**TASK BRIEF**
Could you repeat exactly the lines from the one containing "Sea otter at" through the last line of the records, with no pictures?
━━ SOURCE MATERIAL
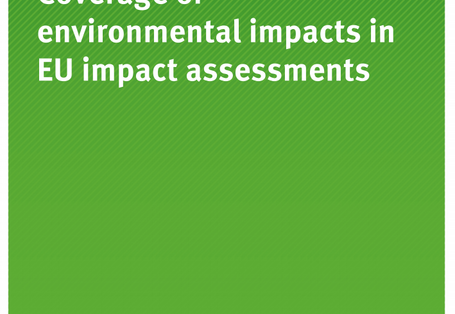 Das Cover der Publikaiton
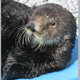 Sea otter at UC Santa Cruz's Long Marine Lab turns 21 years old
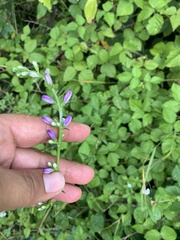 Campanula bononiensis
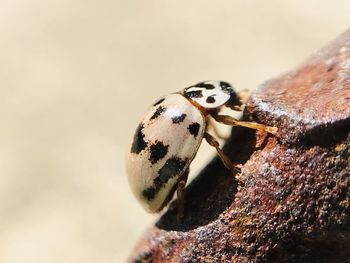 Close-up of butterfly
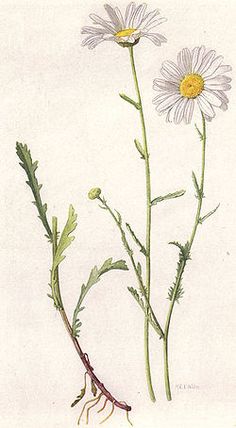 236x428 Ox Eye Daisy Aster Flower Tattoos, Tattoo And Tattoo Black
━━━━
**RESULT OF THE EXERCISE**
 Sea otter at UC Santa Cruz's Long Marine Lab turns 21 years old
 Campanula bononiensis
 Close-up of butterfly
 236x428 Ox Eye Daisy Aster Flower Tattoos, Tattoo And Tattoo Black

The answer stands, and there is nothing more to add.